Devie mengungkapkan bahaya ancaman narkoba kini sudah berubah. Bila sebelumnya hanya pemakaian rutin dalam jangka panjang, sekarang bahayanya jauh lebih kejam dan mematikan.
Menurut studi global, kata Devie, banyak remaja tidak rutin memakai narkoba tapi saat mereka mencoba sekali, barang yang digunakan sering jauh lebih berbahaya. Misalnya pil palsu mengandung zat berbahaya.
"Barang-barang ini, banyak beredar lewat media sosial dan toko online sehingga anak muda mudah tertipu. Inilah sebabnya, menurut riset global, walau penggunaan narkoba di kalangan muda tidak meningkat, jumlah overdosis justru naik," ungkapnya.

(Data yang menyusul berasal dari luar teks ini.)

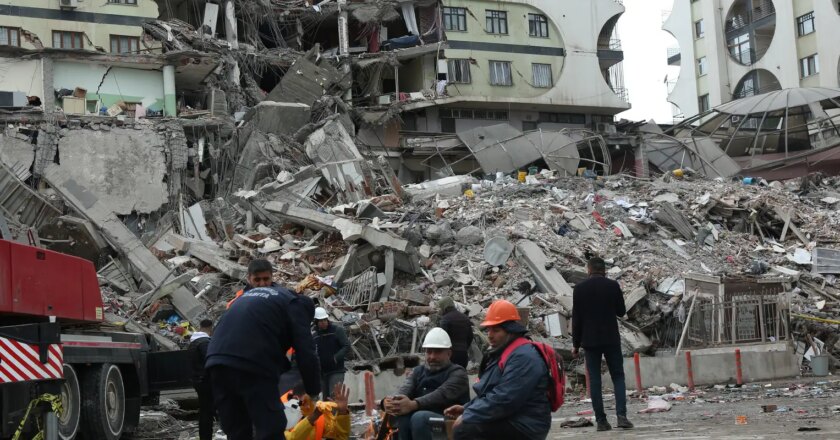 OMS pede ajuda internacional no apoio a Turquia e Síria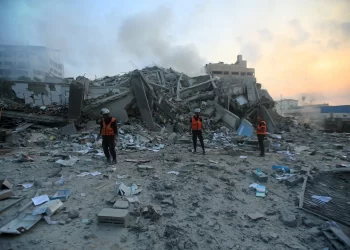 Israeli army cuts off North Gaza from the entire Strip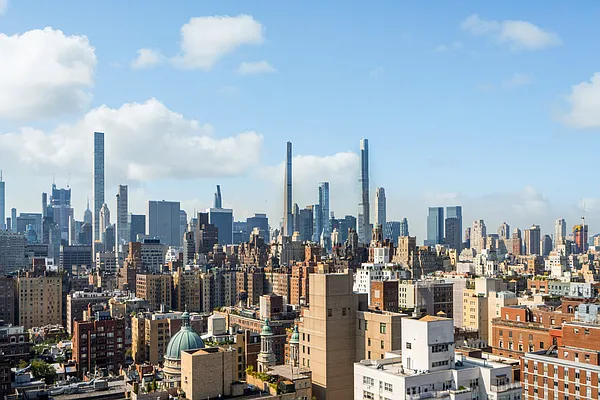 【海外版】4冊：PENTHOUSEアメリカ版1998年, 2000年 188 East 78th Street #24B in Lenox Hill, Manhattan | StreetEasy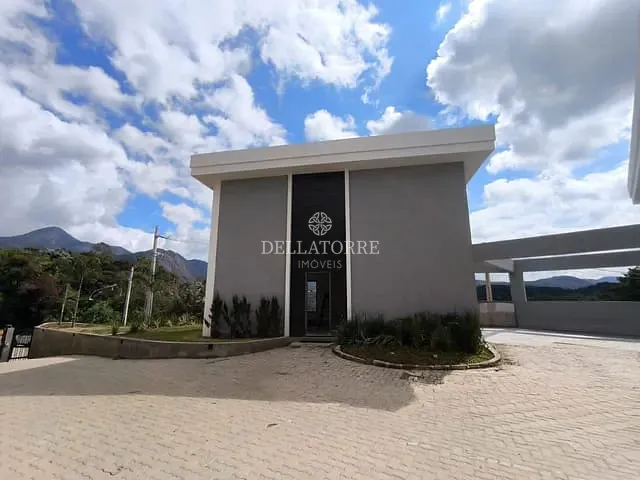 Casa com 118m² 2 quartos e 2 banheiros, à venda, no bairro Golfe em Teresópolis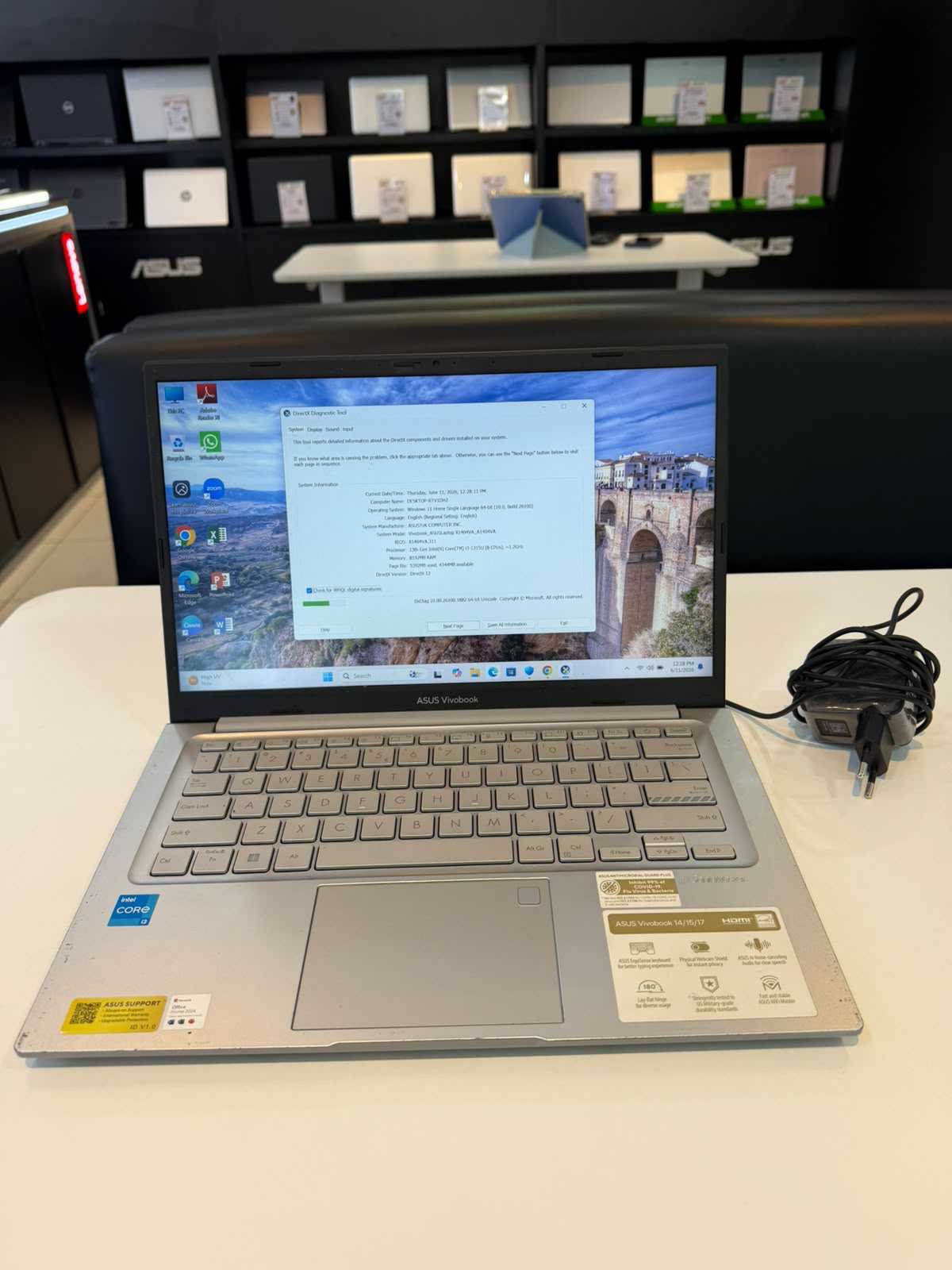 Second Like New Asus vivobook X1404VA Intel core i3-1315U Ram 8 GB Ssd 256 GB W 11 Home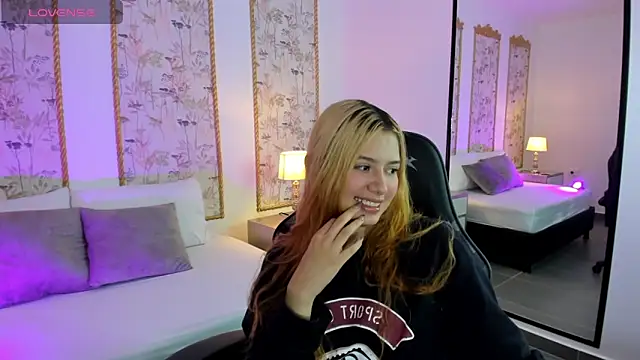 daniand  online show from 11/01/25, 02:13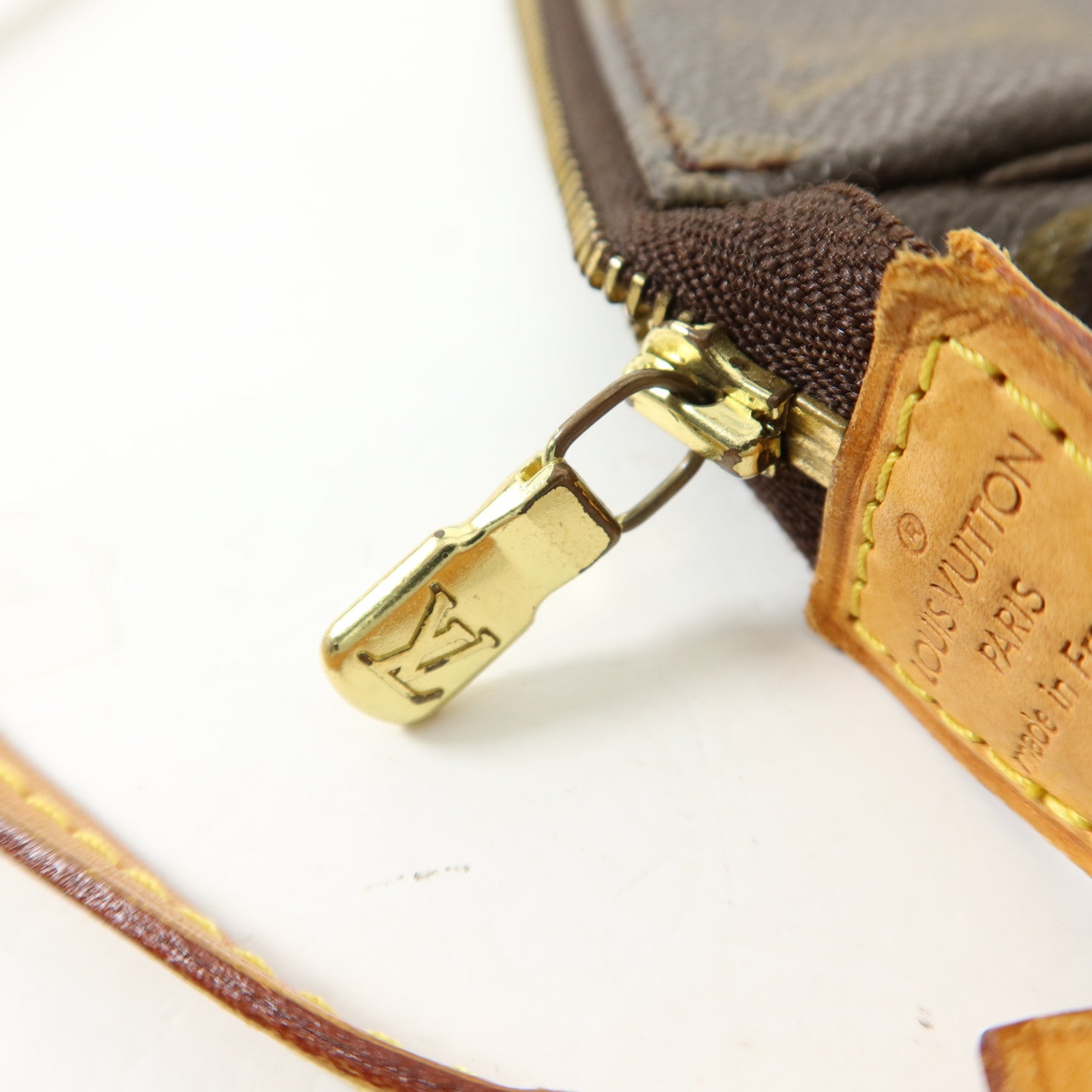 LOUIS VUITTON Monogram Pochette Accessoires金扣手挽袋棕色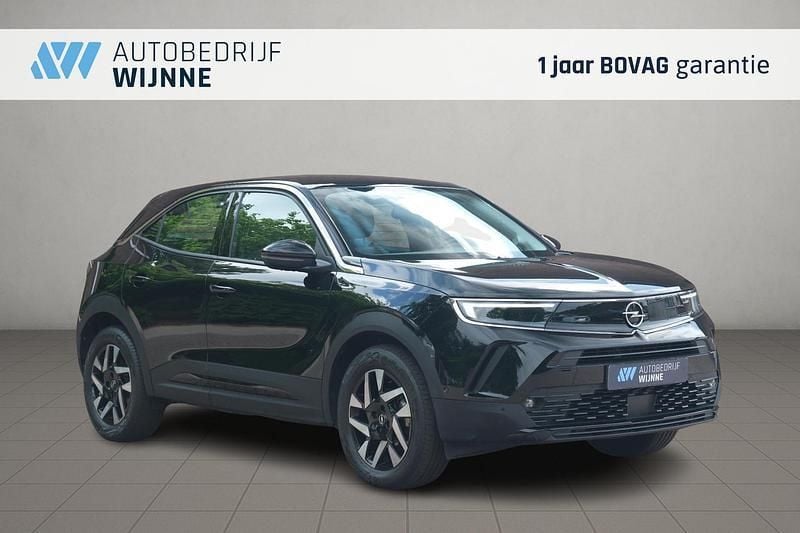 Zwart Gebruikt 2023 Opel Mokka Elegance SUV | € 21.950 (Eerlijke prijs) - Afbeelding 1/4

Lebih lanjut, Devie menegaskan keberhasilan Polri dalam menangkap jaringan narkoba adalah pilar pelindung. Namun, untuk benar-benar melindungi generasi muda, perlu langkah bersama.
Seperti penegakan hukum tetap tegas untuk memutus jaringan pengedar. Kemudian, edukasi di sekolah dan kampus agar anak muda paham risiko dan tahu ke mana mencari bantuan.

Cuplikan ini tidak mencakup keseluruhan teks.